Note that when using one-shot NAS algorithms, there is no need to start an NNI experiment. Users can directly run this Python script (i.e., train.py) through python3 train.py without nnictl. After training, users can export the best one of the found models through trainer.export().

Each trainer in NNI has its targeted scenario and usage. Some trainers have the assumption that the task is a classification task; some trainers might have a different definition of “epoch” (e.g., an ENAS epoch = some child steps + some controller steps). Most trainers do not have support for distributed training: they won’t wrap your model with DataParallel or DistributedDataParallel to do that. So after a few tryouts, if you want to actually use the trainers on your very customized applications, you might need to customize your trainer.

Furthermore, one-shot NAS can be visualized with our NAS UI. See more details.

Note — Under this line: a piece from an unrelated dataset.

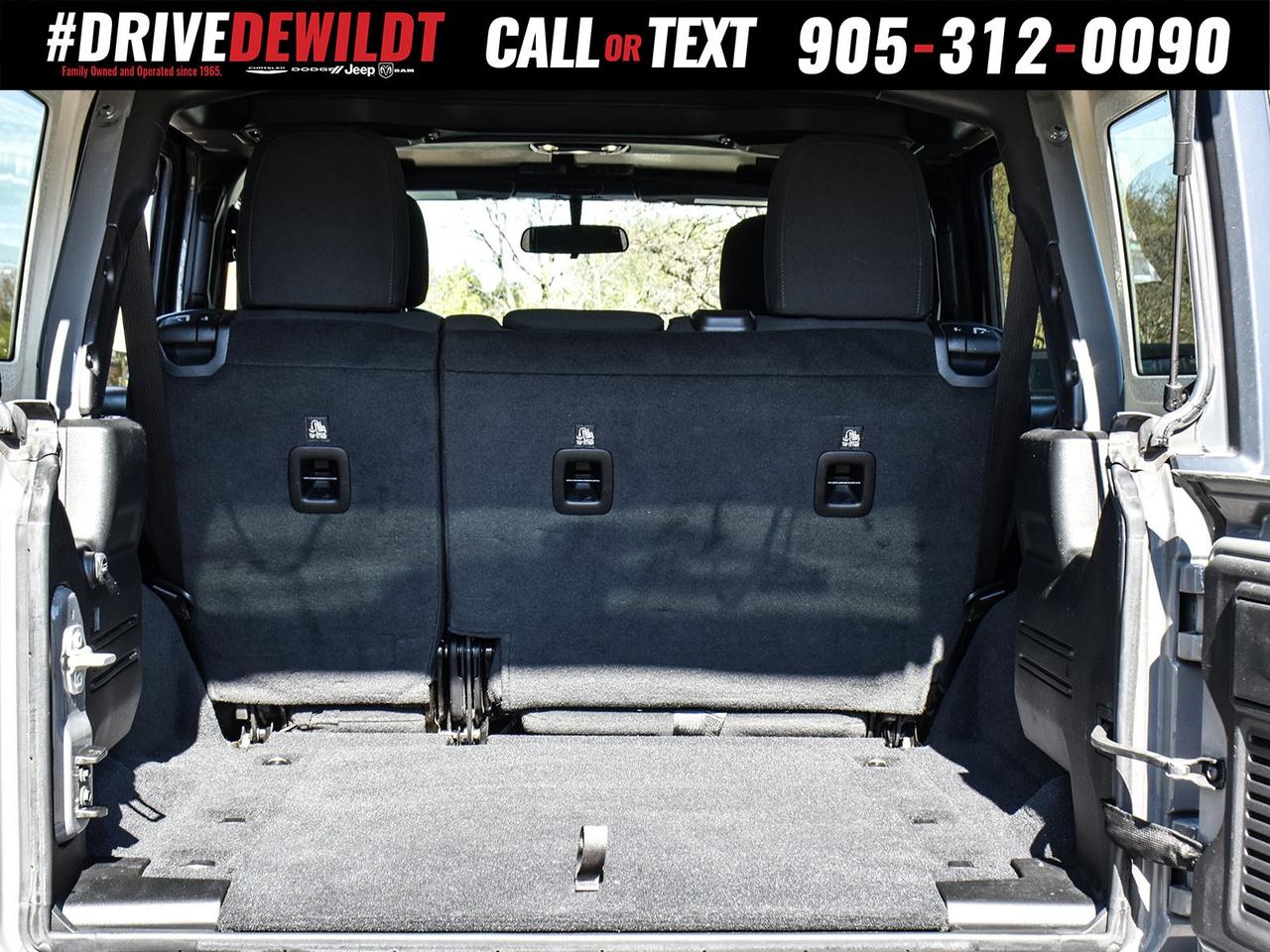 2020 Jeep WRANGLER UNLIMITED WILLYS   V6 ENGINE   ONE OWNER Photo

Retrain with Exported Architecture

After the search phase, it’s time to train the found architecture. Unlike many open-source NAS algorithms who write a whole new model specifically for retraining. We found that the search model and retraining model are usually very similar, and therefore you can construct your final model with the exact same model code. For example

model = Net()
apply_fixed_architecture(model, "model_dir/final_architecture.json")

The JSON is simply a mapping from mutable keys to choices. Choices can be expressed in:

  • A string: select the candidate with corresponding name.

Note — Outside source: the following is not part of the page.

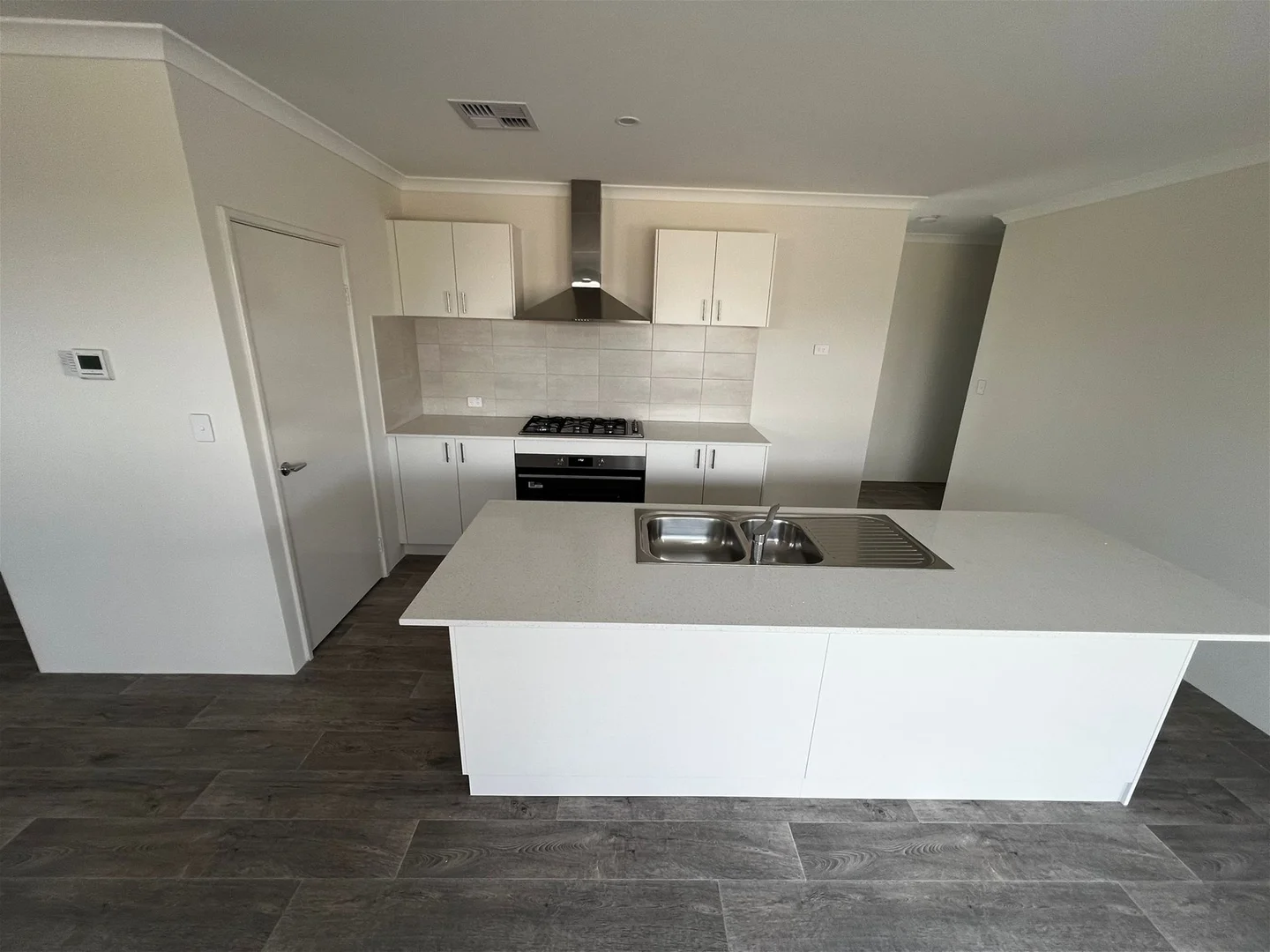 Additional image 6 of 40 Hawdon Road, Lakelands WA 6180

  • A number: select the candidate with corresponding index.

  • A list of string: select the candidates with corresponding names.

  • A list of number: select the candidates with corresponding indices.

  • A list of boolean values: a multi-hot array.

For example,

{
    "LayerChoice1": "conv5x5",
    "LayerChoice2": 6,
    "InputChoice3": ["layer1", "layer3"],
    "InputChoice4": [1, 2],
    "InputChoice5": [false, true, false, false, true]
}

After applying, the model is then fixed and ready for final training. The model works as a single model, and unused parameters and modules are pruned.

Also, refer to DARTS for code exemplifying retraining.